*Problem to solve:* Restate the following data in its entirety, word for word and without images.

*Data:*
..............................
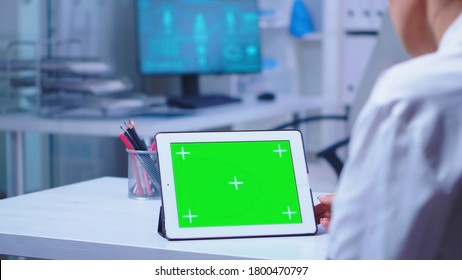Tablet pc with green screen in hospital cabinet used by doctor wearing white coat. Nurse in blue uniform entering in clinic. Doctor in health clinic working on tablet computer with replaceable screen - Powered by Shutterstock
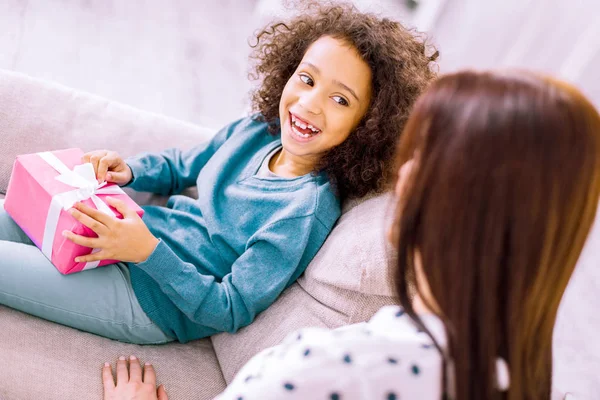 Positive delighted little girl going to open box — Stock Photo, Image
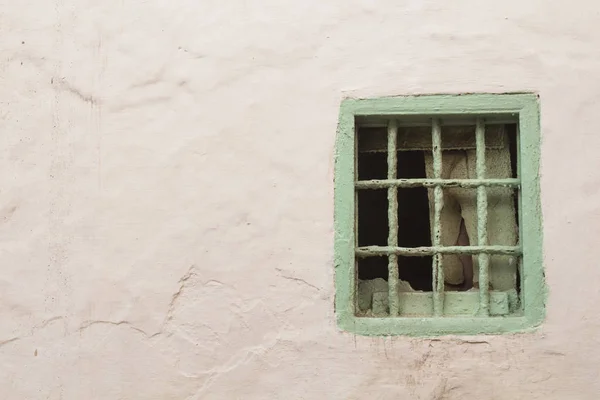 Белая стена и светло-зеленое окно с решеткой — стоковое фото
..............................
*Solution:*
Tablet pc with green screen in hospital cabinet used by doctor wearing white coat. Nurse in blue uniform entering in clinic. Doctor in health clinic working on tablet computer with replaceable screen - Powered by Shutterstock
 Positive delighted little girl going to open box — Stock Photo, Image
 Белая стена и светло-зеленое окно с решеткой — стоковое фото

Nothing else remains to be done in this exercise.